3. Configuring the HPA Object: Now, create the HPA object that will monitor and scale your deployment.

   • HPA creation command: Command: kubectl autoscale deployment my-deploy --cpu-percent=20 --min=1 --max=10.
     • deployment my-deploy: Specifies that HPA should scale the my-deploy deployment.
     • --cpu-percent=20: Sets the target average CPU utilization to 20%.
     • --min=1: Sets the minimum number of pods to 1.
     • --max=10: Sets the maximum number of pods to 10.
   • Verify HPA: After running the command, you can check the HPA status. Command: kubectl get hpa (You will see the HPA named my-deploy, target CPU, min/max pods, and current replicas).

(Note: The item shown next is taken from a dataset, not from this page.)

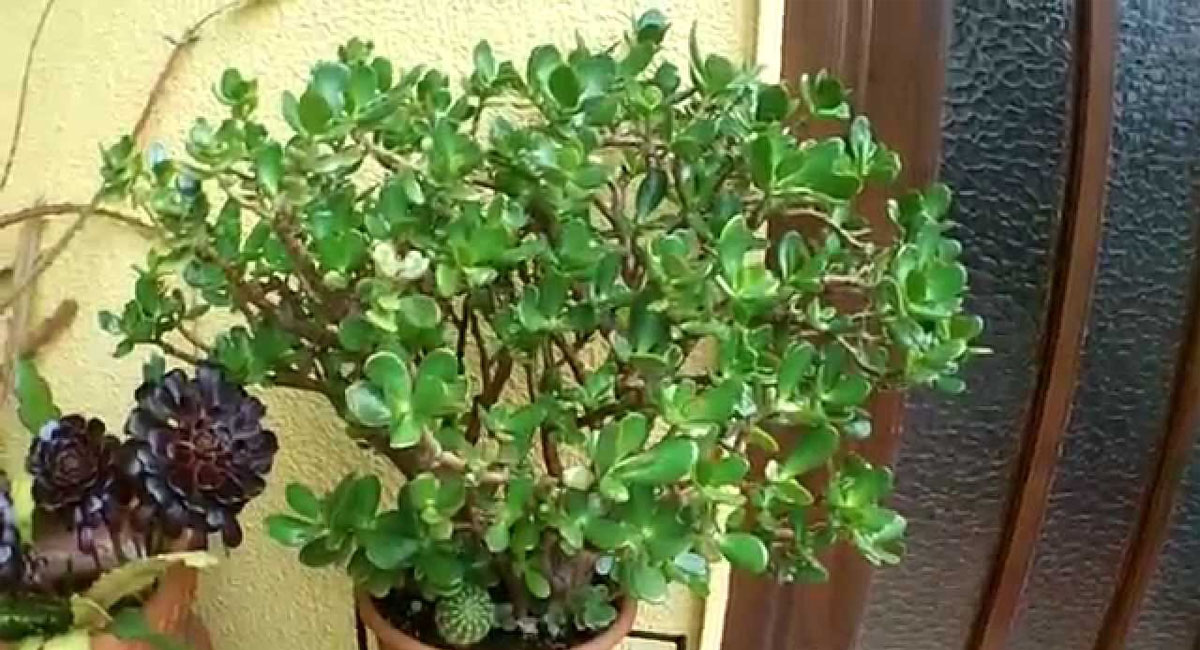 ఈ మొక్కను ఇంట్లో ఉంచితే దరిద్రం తొలగిపోతుందా.. ఆ సమస్యలు తీరతాయా?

Initially, the target CPU might show 0% or a low value if no load is present.

4. Demonstrating Autoscaling: To see HPA in action, you need to simulate a load increase on your application.

   • Open Two Terminals: Keep one terminal for monitoring and another for generating load.
   • Monitoring Terminal: In the first terminal, continuously monitor your pods and HPA. Command: watch kubectl get all (This command will refresh every 2 seconds, showing changes in pod counts and HPA metrics). You will observe the TARGET column for your HPA.
   • Load Generation Terminal: In the second terminal, get a shell into your running application pod. Command: kubectl exec -it <my-deploy-pod-name> -- /bin/bash.
   • Generate Load: Inside the pod's shell, run a command that consumes CPU, such as an apt update or a simple infinite loop. Command (example for CPU load): while true; do true; done (This command will make the CPU usage of the container spike). Alternatively, if your image has apt, you can run apt update repeatedly.
   • Observe Scaling Up: As you run the load generation command, watch the monitoring terminal. You will see the TARGET CPU percentage of your HPA increase from 0% (or its initial low value). Once it consistently exceeds 20%, you will observe new pods being created automatically. The REPLICAS count in kubectl get all will increase, and new pod entries will appear as Running.
   • Observe Scaling Down: Once you stop the load generation (e.g., by pressing Ctrl+C in the load generation terminal), the CPU utilization will drop. Due to the 5-minute cooling period, the extra pods will not be deleted immediately. After approximately 5 minutes, if the load remains low, HPA will automatically delete the excess pods, returning the replica count closer to the minimum defined value (e.g., 1).

This practical demonstration highlights how Kubernetes, through HPA and Metric Server, can automatically manage application scaling based on real-time resource utilization, making your applications resilient and efficient in handling varying loads.